1 Introduction
In recent years, Long Short-Term Memory (LSTM) has returned to people’s attention with its outstanding performance in speech recognition (Graves et al., 2013)
(Sutskever et al., 2014), sentiment classification (Yang et al., 2016)and other tasks related to sequential data. LSTM’s success is due to its two-fold surprising properties. The first one is the intrinsic ability to memorize historical information, which fits very well with sequential data. This ability is its main advantage compared with other mainstream networks such as Multilayer Perceptron (MLP), Convolutional Neural Network (CNN). Second, the exploding and vanishing gradient problems are eased through memory gates controlling the flow of information according to the different objectives. Moreover, mixed models obtained by stacking LSTM layers together with other type of neural networks layers can improve state-of-the-art in various applications.
However, the large LSTM-based models are often associated with expensive computations, large memory requests and inefficient processing time in both phases, training and inference. For example, around 30% of the Tensor Processing Unit (TPU) workload in the Google cloud is caused by LSTMs
(Jouppi et al., 2017). The computation-intensive and memory-intensive are at odds with the trend of deploying these powerful models on resource-limited devices. Different from other neural networks, LSTMs are relatively more challenging to be compressed due to the complicated architecture that the information gained from one cell will be shared across all the time steps
(Wen et al., 2017). Despite this challenge, researchers already proposed many effective methods to address this problem, including Sparse Variational Dropout (Sparse VD) (Lobacheva et al., 2017), sparse regularization (Wen et al., 2017), distillation (Tian et al., 2017), low-rank factorizations and parameter sharing (Lu et al., 2016) and pruning (Han et al., 2017; Narang et al., 2017; Lee et al., 2018), etc. All of them can achieve promising compression rates with negligible performance loss. Nonetheless, one common shortcoming hindering their applications on resource-limited device is that expensive fully-connected networks are needed at the beginning. Such very large pre-trained models where most layers are fully-connected (FC) are prone to be memory bound in realistic applications (Jouppi et al., 2017). At the same time, (Mocanu et al., 2018) have proposed the Sparse Evolutionary Training (SET) procedure, which creates sparsely connected layers before training. Such layers start from an Erdős-Rényi random graph connectivity, and use an evolutionary training strategy to force the sparse connectivity to fit the data during the training phase.In this paper, we introduce adaptive sparse connectivity into the LSTM world. Concretely, we propose a new sparse LSTM model trained with SET, and dubbed further SET-LSTM. In comparison with all LSTM variants discussed above, SET-LSTM is sparse from the design phase, before training. Considering the specific structure inside LSTM cells, we first replace the fully-connected layers within the LSTM cells. Secondly, we sparsify the embedding layer to further reduce a major number of parameters as it is usually the largest layer in LSTMs. Evaluated on four sentiment classification datasets, our proposed model is able to achieve higher accuracy than fully-connected LSTMs on three of them and just a bit lower accuracy on the last one, while having about 25 times less parameters. To understand the beneficial effect of adaptive sparse connectivity on model performance, we study the sparsely connected layers topologies obtained after the training process, and we show that even if in terms of accuracy the results are similar, the topologies are completely different. This suggests that adaptive sparse connectivity may be a way to avoid the overparameterized optimization problem of fully-connected neural networks, as it yields many amenable local optima.
2 Preliminaries
2.1 LSTM Compression
There are various effective techniques to shrink the size of large LSTMs, at the same time, preserving the competitive performance. Here, we divide them into pruning methods and non-pruning methods.
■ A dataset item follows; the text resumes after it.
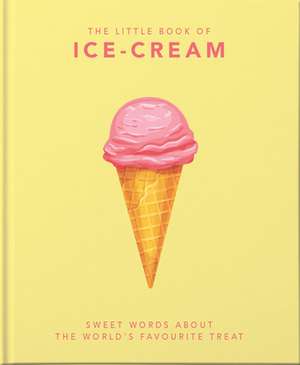 The Little Book of Ice Cream de Hippo! Orange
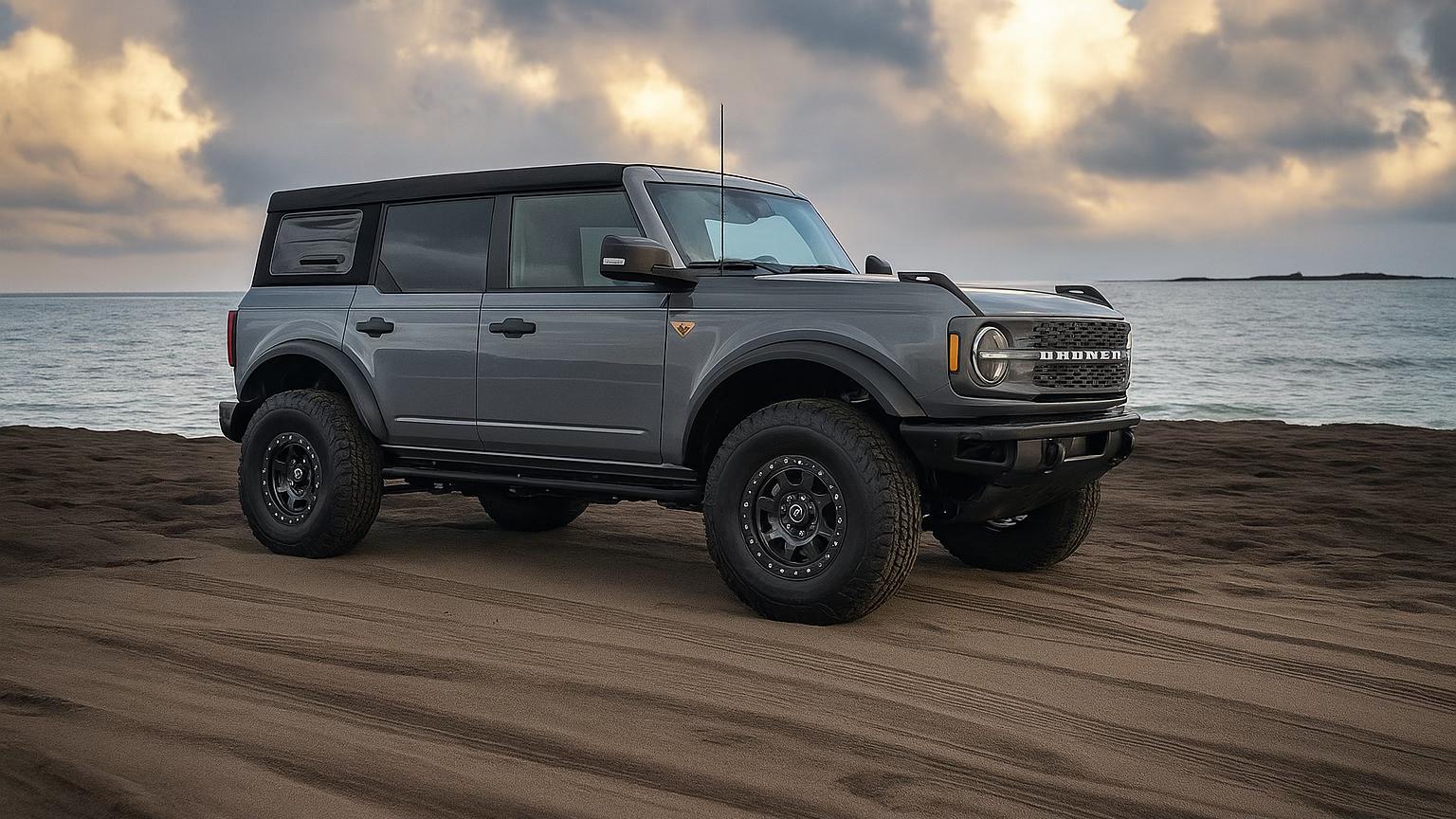 Ford Bronco 2024 in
Pruning methods. Pruning as a classical model compression method has been widely used to different models successfully such as MLPs, CNNs and LSTMs. By eliminating the unimportant weights based on a certain criterion, pruning is able to achieve high compression ratio without substantial loss in accuracy. Pruning-based LSTMs compression methods can be categorized into two branches: post-training and direct sparse training, according to whether an expensive fully-connected network is needed before the training process.
Pruning from a fully-connected network is an overwhelming branch to compress neural networks. (Giles & Omlin, 1994)
proposes a simple pruning and retraining strategy to recurrent neural networks (RNNs). However, the inevitably expensive computation and prohibitively many training iterations are the main disadvantages of these methods. Recently,
(Han et al., 2015) makes pruning stand out from other methods by pruning the magnitude of weights and retraining the network. Based on the pruning approach of (Han et al., 2015), (Han et al., 2017) proposes an efficient method to compress LSTMs by combining pruning with quantization together. On the other hand, (Narang et al., 2017)shrinks the post-pruning sparse LTSM size by 90% through a monotonically increasing threshold. Using a set of hyperparameters is able to determine the specific thresholds for different layers.
(Lobacheva et al., 2017)applies Sparse VD to LSTM and achieves 99.5% sparsity from the perspective of Bayesian networks. Despite the success of post-training, an expensive fully-connected network is required at the beginning stage, which leads to inevitable memory requirement and computation cost.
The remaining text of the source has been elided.